VI. Discussion and Conclusions

This paper reports a single, small-scale software development project. Many issues which are important in larger projects have not been addressed, and we have had only limited opportunities to compare different methods for solving the same problem. Despite these limitations, we believe that the following findings will probably generalize to new and larger development projects:

 

* Coding errors are most rapidly and efficiently fixed if the authors of the software are also users. We found that, in order to be reasonably confident that they have uncovered most bugs, authors of software should spend at least 4-8 hours per week using their own software to solve non-trivial, real-world problems.

 

* Even when tasks are distributed among several engineers (e.g. when each engineer is both software author and software user), there must be one person who is in charge of integrating new features into each software package, and of maintaining that package in working order.

 

* ``Communication gaps'' can only be identified when naive users uninterested in the implementation details make frequent use of the software.
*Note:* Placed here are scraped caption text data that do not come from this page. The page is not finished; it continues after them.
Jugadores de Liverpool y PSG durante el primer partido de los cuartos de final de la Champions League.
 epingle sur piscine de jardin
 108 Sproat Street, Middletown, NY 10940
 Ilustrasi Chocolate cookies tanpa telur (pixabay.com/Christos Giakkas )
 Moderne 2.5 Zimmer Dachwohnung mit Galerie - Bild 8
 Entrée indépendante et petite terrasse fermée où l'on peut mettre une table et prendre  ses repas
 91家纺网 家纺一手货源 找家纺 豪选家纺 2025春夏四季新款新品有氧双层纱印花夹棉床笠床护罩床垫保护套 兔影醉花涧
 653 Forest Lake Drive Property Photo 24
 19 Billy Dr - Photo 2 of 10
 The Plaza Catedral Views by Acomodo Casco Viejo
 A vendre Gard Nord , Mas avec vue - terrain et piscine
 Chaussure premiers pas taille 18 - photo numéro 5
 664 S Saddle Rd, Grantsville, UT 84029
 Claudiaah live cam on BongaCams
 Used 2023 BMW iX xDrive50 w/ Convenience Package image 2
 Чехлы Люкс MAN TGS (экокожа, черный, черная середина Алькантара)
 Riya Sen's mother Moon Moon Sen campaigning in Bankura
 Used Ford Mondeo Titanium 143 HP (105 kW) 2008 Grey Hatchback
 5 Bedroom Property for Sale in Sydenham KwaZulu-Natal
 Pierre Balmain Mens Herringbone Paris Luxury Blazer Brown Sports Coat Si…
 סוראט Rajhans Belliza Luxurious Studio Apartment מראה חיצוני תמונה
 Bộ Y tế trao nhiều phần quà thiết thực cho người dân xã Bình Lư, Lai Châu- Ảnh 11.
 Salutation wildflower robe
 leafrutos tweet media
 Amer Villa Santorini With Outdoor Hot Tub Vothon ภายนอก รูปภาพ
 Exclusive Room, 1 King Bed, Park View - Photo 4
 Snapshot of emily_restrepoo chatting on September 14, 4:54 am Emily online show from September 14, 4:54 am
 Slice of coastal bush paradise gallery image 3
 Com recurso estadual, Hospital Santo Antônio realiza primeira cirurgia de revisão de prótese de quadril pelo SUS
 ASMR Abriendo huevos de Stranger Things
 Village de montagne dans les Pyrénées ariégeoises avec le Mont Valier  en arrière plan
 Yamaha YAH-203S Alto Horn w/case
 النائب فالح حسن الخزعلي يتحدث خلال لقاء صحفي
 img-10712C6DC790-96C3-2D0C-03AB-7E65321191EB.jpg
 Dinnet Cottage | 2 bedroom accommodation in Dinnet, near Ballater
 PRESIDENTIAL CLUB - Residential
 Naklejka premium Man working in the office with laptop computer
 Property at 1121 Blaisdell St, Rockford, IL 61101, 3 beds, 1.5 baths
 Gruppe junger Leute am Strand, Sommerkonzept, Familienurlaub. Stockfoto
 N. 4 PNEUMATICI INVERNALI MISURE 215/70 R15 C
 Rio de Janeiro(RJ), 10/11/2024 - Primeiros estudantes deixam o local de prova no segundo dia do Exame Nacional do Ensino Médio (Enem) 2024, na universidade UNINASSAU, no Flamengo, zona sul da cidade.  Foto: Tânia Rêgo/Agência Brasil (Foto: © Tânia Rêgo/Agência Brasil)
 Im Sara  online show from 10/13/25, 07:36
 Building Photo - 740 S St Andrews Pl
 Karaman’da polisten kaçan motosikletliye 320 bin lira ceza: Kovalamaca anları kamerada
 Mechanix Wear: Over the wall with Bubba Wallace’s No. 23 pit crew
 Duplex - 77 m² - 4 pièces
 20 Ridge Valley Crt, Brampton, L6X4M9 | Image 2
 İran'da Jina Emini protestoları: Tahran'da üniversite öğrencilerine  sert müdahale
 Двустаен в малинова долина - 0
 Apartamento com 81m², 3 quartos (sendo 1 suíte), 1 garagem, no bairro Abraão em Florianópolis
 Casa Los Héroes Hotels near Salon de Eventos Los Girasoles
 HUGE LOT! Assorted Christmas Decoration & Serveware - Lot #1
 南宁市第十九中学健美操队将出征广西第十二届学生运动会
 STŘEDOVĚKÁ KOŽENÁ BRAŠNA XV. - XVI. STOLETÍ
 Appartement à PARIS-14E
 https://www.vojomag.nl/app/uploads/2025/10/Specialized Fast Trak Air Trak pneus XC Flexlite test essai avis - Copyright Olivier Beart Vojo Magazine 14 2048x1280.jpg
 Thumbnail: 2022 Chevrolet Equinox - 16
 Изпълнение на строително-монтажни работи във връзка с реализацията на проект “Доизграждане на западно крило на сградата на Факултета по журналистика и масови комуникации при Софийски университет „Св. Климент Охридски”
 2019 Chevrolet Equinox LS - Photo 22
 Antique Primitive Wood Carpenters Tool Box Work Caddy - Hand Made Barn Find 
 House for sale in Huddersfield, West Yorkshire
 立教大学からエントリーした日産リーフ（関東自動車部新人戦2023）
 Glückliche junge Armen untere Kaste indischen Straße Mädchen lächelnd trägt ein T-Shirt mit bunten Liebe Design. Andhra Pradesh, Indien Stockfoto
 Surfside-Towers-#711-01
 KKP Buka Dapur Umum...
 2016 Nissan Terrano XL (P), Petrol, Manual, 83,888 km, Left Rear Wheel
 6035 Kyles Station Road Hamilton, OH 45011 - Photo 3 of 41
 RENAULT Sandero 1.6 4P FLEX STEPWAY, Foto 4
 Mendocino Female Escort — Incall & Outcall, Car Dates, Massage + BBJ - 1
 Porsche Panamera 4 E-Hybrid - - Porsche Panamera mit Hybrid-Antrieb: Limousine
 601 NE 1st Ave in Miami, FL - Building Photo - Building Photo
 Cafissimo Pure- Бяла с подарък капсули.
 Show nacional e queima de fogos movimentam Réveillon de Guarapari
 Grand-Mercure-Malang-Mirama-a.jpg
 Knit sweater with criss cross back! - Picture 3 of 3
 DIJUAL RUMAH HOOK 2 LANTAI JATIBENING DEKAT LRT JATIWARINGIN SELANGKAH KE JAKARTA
Communication gaps may be identified either by discussing the software with naive users, or by watching while a naive user tries to navigate the user interface.

 

* As has been noted by previous authors, most implementation details should be hidden behind a uniform user interface metaphor. Occasionally, however, the knowledge of particular key implementation details will greatly facilitate use of the software. Rather than being hidden, these key implementation details should be prominently displayed on the user interface. Prominent display allows the user to become rapidly, easily, and even sub-consciously familiar with these key implementation details.

 

CTMRedit is a 3-plane, 16-bit, easy-to-use tool for medical image viewing, ROI editing, and 3D contour interpolation, written in the commercially available matlab programming language. CTMRedit is available for free, from the web site

http://www.icsl.ucla.edu/~spapl/CTMRedit/index.html

Acknowledgements

The development of CTMRedit was supported by post-doctoral fellowship number DC 00323-01 from the National Institutes of Health, and by a grant from the National Science Foundation.

 

Matlab is a registered trademark of the Mathworks, Inc., Natick, MA. The authors of CTMRedit and of this paper have no affiliation with or financial interest in the Mathworks.

References

W.S. Rasband and D.S. Bright (1995), "NIH Image: A Public Domain Image Processing Program for the Macintosh," in Microbeam Analysis Society Journal, vol. 4, pp. 137-149.